Seaboard Terminals Corporation v. Standard Oil Co., 24 F. Supp. 1018 (S.D.N.Y. 1938)
June 30, 1938
STANDARD OIL CO. OF NEW JERSEY et al.
District Court, S. D. New York.
*1019 O'Connor & Farber, of New York City (Henry K. Urion and Stephen V. Ryan, Jr., both of New York City, of counsel), for plaintiffs.
Davis, Polk, Wardwell, Gardiner & Reed, of New York City (John W. Davis, Edwin F. Blair, Judson McLester, Jr., and D. Nelson Adams, all of New York City, of counsel), for defendant Standard Oil Co. of New Jersey.
Louis Mead Treadwell, of New York City (Stafford Smith and Henry B. Potter, both of New York City, of counsel), for Socony-Vacuum Oil Co., Inc.
Kellogg, Emery & Inness-Brown, of New York City (David Paine, J. Branch Darby, and Harold Kronig, all of New York City, of counsel), for defendant American Oil Co.

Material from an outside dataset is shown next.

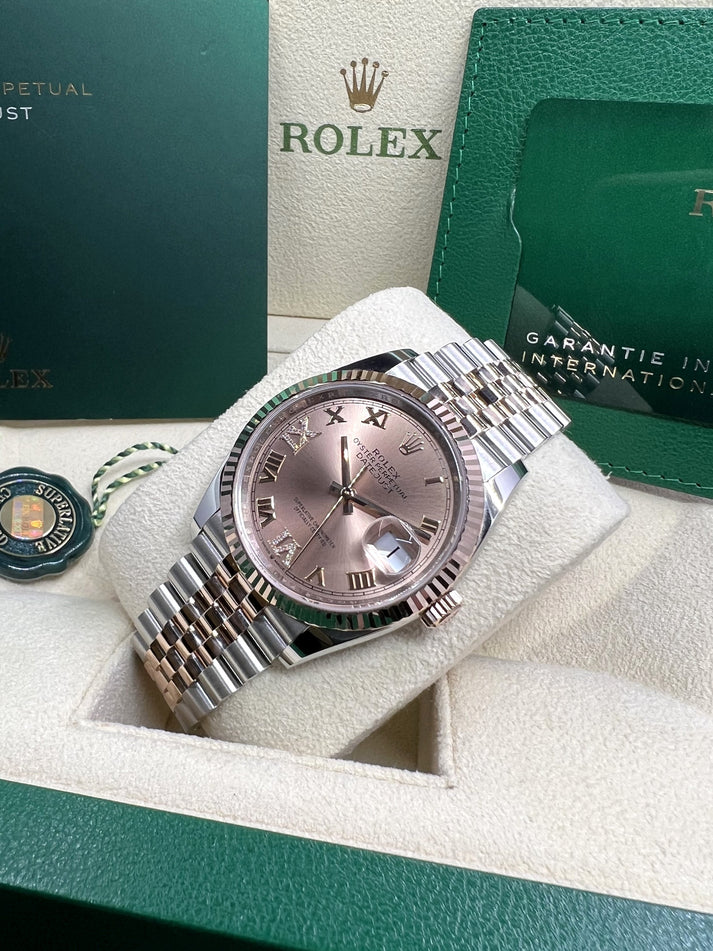 RLX Datejust 36mm 126231 Rose Dial Oyster Bracelet - LITELUX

PATTERSON, District Judge.
The action is one at law for treble damages under section 4 of the Clayton Act, 15 U.S.C.A. § 15, to the effect that any person injured in business or property by reason of anything forbidden in the anti-trust laws may recover threefold the damages sustained. The defendants have made motions under Rule 107 of the New York Rules of Civil Practice to dismiss the action on the ground that it is barred by the statute of limitations.
The action was commenced on June 29, 1936. The amended complaint shows that the plaintiffs are Maryland corporations, Seaboard Terminals Corporation owning all the stock of Seaboard Midland Corporation; that the defendant Standard Oil Company is a Delaware corporation, defendant Socony-Vacuum Oil Company a New York corporation and defendant American Oil Company a Maryland corporation; that Seaboard Terminals in 1924 acquired a long lease on waterfront property in Baltimore on which it built storage tanks, pipe lines and terminal facilities for storing, handling and transshipping gasoline and other petroleum products, and it engaged in the business of furnishing such facilities to concerns dealing in such products; that Seaboard Midland in 1924 engaged in the business of buying gasoline and other petroleum products, chiefly in cargo lots, and selling the same at wholesale to dealers, chiefly in tank car lots, using the facilities of Seaboard Terminals, and that Seaboard Midland was engaged in interstate commerce in that it purchased gasoline in California and other states, took delivery in cargo lots, and sold and delivered in tank cars from the Seaboard Terminals plant in Maryland to customers in various states. It is alleged that the defendants, who were also engaged in buying, transporting and selling gasoline in interstate commerce from and to various states including Maryland, conspired to restrain interstate commerce in violation of the Sherman Anti-Trust Act, 15 U.S.C.A. §§ 1-7, 15 note and to destroy the business of Seaboard Terminals and the business of Seaboard Midland; that in pursuance of the conspiracy the defendants, beginning in 1925, arbitrarily fixed prices, cut off Seaboard Midland from sources of supply and did other oppressive acts, with the result that Seaboard Midland was forced out of business in March 1933 and Seaboard Terminals was obliged to sell its properties at a loss in May 1933; that later one of the defendants and a subsidiary of another made claims against Seaboard Midland for moneys alleged to be due them and commenced suits in Maryland against it in August and September 1933. Damages of $4,800,000 for Seaboard Midland and $168,000 for Seaboard Terminals are demanded.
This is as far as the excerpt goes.